- [Provided material]
-----

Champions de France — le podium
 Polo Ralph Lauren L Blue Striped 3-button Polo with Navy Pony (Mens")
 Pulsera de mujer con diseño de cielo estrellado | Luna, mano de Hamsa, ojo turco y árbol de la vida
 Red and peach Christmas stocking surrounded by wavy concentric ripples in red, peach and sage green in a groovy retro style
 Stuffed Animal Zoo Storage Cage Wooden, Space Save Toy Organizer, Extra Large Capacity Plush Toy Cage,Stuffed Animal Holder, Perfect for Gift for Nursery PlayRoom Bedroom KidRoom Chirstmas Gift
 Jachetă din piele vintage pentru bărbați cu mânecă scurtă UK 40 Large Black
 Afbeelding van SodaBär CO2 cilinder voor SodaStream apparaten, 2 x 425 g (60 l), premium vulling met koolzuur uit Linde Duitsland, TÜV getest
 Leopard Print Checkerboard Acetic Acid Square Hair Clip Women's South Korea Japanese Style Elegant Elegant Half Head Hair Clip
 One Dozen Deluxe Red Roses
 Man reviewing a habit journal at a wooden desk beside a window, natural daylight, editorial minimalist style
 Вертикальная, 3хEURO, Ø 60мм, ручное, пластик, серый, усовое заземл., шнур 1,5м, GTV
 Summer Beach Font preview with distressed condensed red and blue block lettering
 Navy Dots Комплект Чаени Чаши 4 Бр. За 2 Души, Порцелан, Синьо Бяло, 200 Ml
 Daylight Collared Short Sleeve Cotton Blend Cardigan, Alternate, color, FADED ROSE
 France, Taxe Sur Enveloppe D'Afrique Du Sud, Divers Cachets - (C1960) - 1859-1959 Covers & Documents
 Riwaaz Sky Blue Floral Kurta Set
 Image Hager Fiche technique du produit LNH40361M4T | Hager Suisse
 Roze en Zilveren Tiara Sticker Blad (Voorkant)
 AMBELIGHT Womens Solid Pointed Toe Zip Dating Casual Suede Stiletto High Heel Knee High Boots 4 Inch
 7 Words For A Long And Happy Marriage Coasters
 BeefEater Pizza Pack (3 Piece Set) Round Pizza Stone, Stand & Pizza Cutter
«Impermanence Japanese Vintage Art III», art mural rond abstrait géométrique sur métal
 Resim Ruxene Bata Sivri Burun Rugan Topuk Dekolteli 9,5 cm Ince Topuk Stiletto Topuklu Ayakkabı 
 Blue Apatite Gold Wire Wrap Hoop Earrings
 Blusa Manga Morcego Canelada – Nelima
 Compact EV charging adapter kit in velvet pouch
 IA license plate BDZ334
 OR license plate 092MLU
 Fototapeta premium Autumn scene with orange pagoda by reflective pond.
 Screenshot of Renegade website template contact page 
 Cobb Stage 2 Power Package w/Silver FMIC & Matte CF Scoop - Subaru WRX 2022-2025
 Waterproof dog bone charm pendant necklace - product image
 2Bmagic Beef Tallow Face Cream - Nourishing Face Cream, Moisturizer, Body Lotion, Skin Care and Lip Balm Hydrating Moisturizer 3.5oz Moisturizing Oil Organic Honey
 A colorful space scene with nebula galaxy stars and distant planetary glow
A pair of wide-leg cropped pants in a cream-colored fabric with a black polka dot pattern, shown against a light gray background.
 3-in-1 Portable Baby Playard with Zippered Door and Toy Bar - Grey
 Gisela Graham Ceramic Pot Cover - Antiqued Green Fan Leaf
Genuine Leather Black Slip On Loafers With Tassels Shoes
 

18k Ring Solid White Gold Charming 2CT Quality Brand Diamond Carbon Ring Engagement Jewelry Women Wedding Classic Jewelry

-----

- [Your task] What are the exact lines from the beginning of the material through the line containing "Blusa Manga Morcego Canelada – Nelima"? Write out those lines alone.

- [The answer]
Champions de France — le podium
 Polo Ralph Lauren L Blue Striped 3-button Polo with Navy Pony (Mens")
 Pulsera de mujer con diseño de cielo estrellado | Luna, mano de Hamsa, ojo turco y árbol de la vida
 Red and peach Christmas stocking surrounded by wavy concentric ripples in red, peach and sage green in a groovy retro style
 Stuffed Animal Zoo Storage Cage Wooden, Space Save Toy Organizer, Extra Large Capacity Plush Toy Cage,Stuffed Animal Holder, Perfect for Gift for Nursery PlayRoom Bedroom KidRoom Chirstmas Gift
 Jachetă din piele vintage pentru bărbați cu mânecă scurtă UK 40 Large Black
 Afbeelding van SodaBär CO2 cilinder voor SodaStream apparaten, 2 x 425 g (60 l), premium vulling met koolzuur uit Linde Duitsland, TÜV getest
 Leopard Print Checkerboard Acetic Acid Square Hair Clip Women's South Korea Japanese Style Elegant Elegant Half Head Hair Clip
 One Dozen Deluxe Red Roses
 Man reviewing a habit journal at a wooden desk beside a window, natural daylight, editorial minimalist style
 Вертикальная, 3хEURO, Ø 60мм, ручное, пластик, серый, усовое заземл., шнур 1,5м, GTV
 Summer Beach Font preview with distressed condensed red and blue block lettering
 Navy Dots Комплект Чаени Чаши 4 Бр. За 2 Души, Порцелан, Синьо Бяло, 200 Ml
 Daylight Collared Short Sleeve Cotton Blend Cardigan, Alternate, color, FADED ROSE
 France, Taxe Sur Enveloppe D'Afrique Du Sud, Divers Cachets - (C1960) - 1859-1959 Covers & Documents
 Riwaaz Sky Blue Floral Kurta Set
 Image Hager Fiche technique du produit LNH40361M4T | Hager Suisse
 Roze en Zilveren Tiara Sticker Blad (Voorkant)
 AMBELIGHT Womens Solid Pointed Toe Zip Dating Casual Suede Stiletto High Heel Knee High Boots 4 Inch
 7 Words For A Long And Happy Marriage Coasters
 BeefEater Pizza Pack (3 Piece Set) Round Pizza Stone, Stand & Pizza Cutter
«Impermanence Japanese Vintage Art III», art mural rond abstrait géométrique sur métal
 Resim Ruxene Bata Sivri Burun Rugan Topuk Dekolteli 9,5 cm Ince Topuk Stiletto Topuklu Ayakkabı 
 Blue Apatite Gold Wire Wrap Hoop Earrings
 Blusa Manga Morcego Canelada – Nelima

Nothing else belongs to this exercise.